Kebijakan tax amnesty (pengampunan pajak) yang digulirkan Kementerian Keuangan, dinilai dapat mendorong pertumbuhan sektor properti di Indonesia.
“Tax amnesty ini kan lebih menyasar ke wajib pajak besar atau bukan kelas retail jadi tentu efeknya besar,” kata Wakil Ketua Umum Real Estat Indonesia (REI) Bambang Eka Jaya, saat dihubungi Kompas.com, Senin (11/10/2021).
Melalui program tersebut pemerintah dapat meningkatkan penerimaan negara sehingga menjadi stimulus investasi di berbagai sektor.
“Kebijakan utama tax amnesty itu kan untuk menarik sebanyak mungkin dana-dana di bawah bantal ataupun yang ditempatkan di luar negeri dan disyaratkan harus diinvestasikan di dalam negeri, termasuk di sektor properti,” tutur Bambang.
Meski demikian, Bambang menyadari tax amnesty merupakan kebijakan pemerintah untuk mendukung perekonomian secara menyeluruh.
Artinya, hasil repatriasi tax amnesty tidak secara khusus diinvestasikan ke sektor properti.
“Tapi tentu kami sebagai praktisi mengharap hasil tax amnesty bisa ditanamkan ke sektor properti baik secara langsung maupun tidak,” ujarnya.
Bambang menambahkan, sektor properti merupakan pilihan terbaik untuk berinvestasi, yang menimbulkan efek berganda yang sangat tinggi terhadap perekonomian nasional.
Setidaknya terdapat 147 industri ikutan lainnya seperti semen, besi, baja, genteng, semen, paku, besi kayu, jasa konstruksi, jasa konsultansi dan lain-lain yang turut mengalami pertumbuhan.
Selain itu, investasi dari hasil repatriasi tax amnesty bisa menjadi stimulus dalam mempertahankan tren pertumbuhan sektor properti yang kemudian dapat berkontribusi terhadap pertumbuhan ekonomi nasional.
Hingga akhir tahun 2021, REI menargetkan pertumbuhan penjualan properti mencapai 15 persen hingga 20 persen.
Target penjualan properti tahun ini didorong oleh adanya kebijakan insentif pajak berupa Pajak Pertambahan Nilai Ditanggung Pemerintah (PPN DTP) yang berlaku hingga Desember 2021.
Untuk diketahui, Menteri Keuangan Sri Mulyani Indrawati mengatakan, program pengungkapan sukarela atau tax amnesty bakal dimulai pada 1 Januari 2022 hingga 6 bulan ke depan.
Bendahara negara ini berharap, pengungkapan sukarela dapat menambah pelaporan wajib pajak yang ingin patuh atas harta-hartanya.
Program ini bertujuan untuk meningkatkan sukarela wajib pajak.
Pemerintah akan memberi kesempatan selama 6 bulan untuk para pengemplang pajak sebelum langkah yang lebih jauh (enforcement) dilakukan.
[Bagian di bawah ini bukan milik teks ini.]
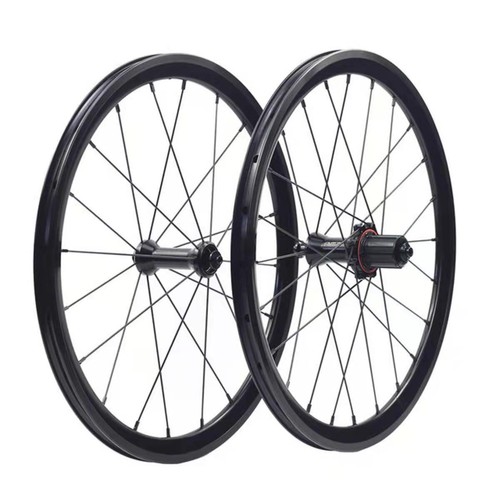 Set ruote bici pieghevole - bici, 20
Adapun berikut kategori kebijakan dalam penerapan tax amnesty tahun depan :
Kebijakan I
Peserta program pengampunan pajak tahun 2016 untuk orang pribadi dan badan dapat mengungkapkan harta bersih yang belum dilaporkan pada saat program pengampunan pajak, dengan membayar Pajak Penghasilan (PPh) Final sebesar:
a. 11 persen untuk harta di luar negeri yang tidak direpatriasi ke dalam negeri.
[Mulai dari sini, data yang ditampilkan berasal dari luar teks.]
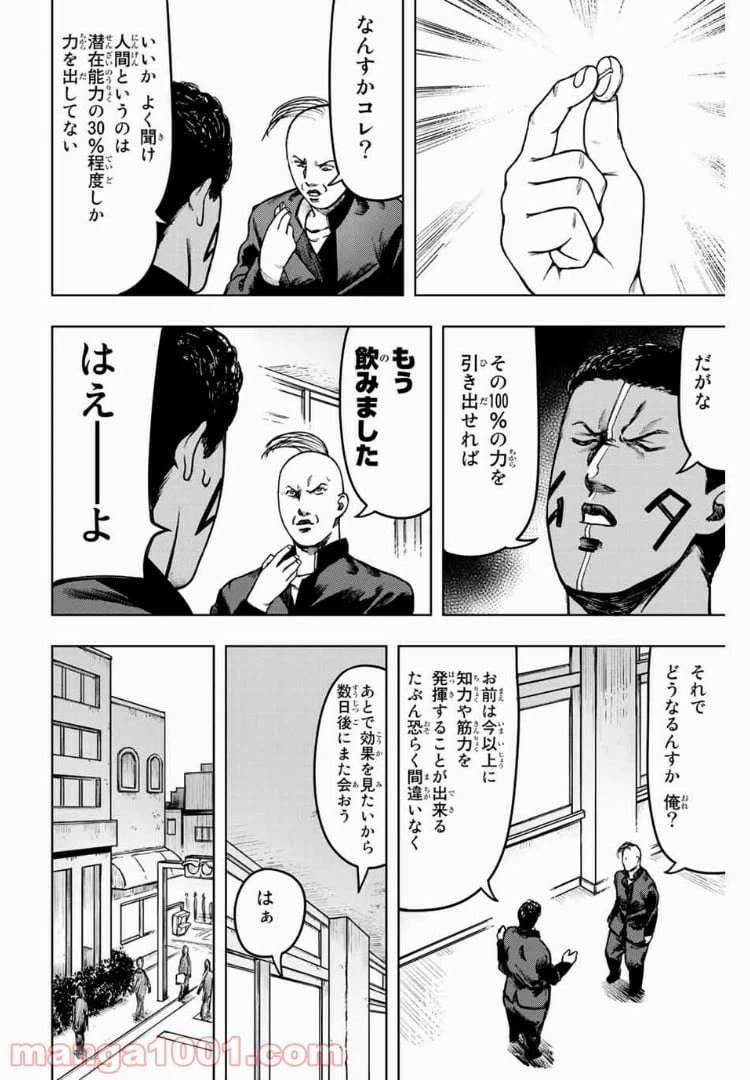 ページ 8 — 第13話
b. 8 persen untuk harta di luar negeri yang direpatriasi dan harta di dalam negeri.
c. 6 persen untuk harta di luar negeri yang direpatriasi dan harta di dalam negeri,
yang diinvestasikan dalam Surat Berharga Negara (SBN) dan hilirisasi SDA dan energi terbarukan.
Kebijakan II
Wajib pajak orang pribadi peserta program pengampunan pajak maupun non peserta dapat mengungkapkan harta bersih yang berasal dari penghasilan tahun 2016 sampai tahun 2020, namun belum dilaporkan pada SPT tahun 2020, membayar PPh final sebagai berikut.
a. 18 persen untuk harta di luar negeri yang tidak direpatriasi ke dalam negeri.
b. 14 persen untuk harta di luar negeri yang direpatriasi dan harta di dalam negeri.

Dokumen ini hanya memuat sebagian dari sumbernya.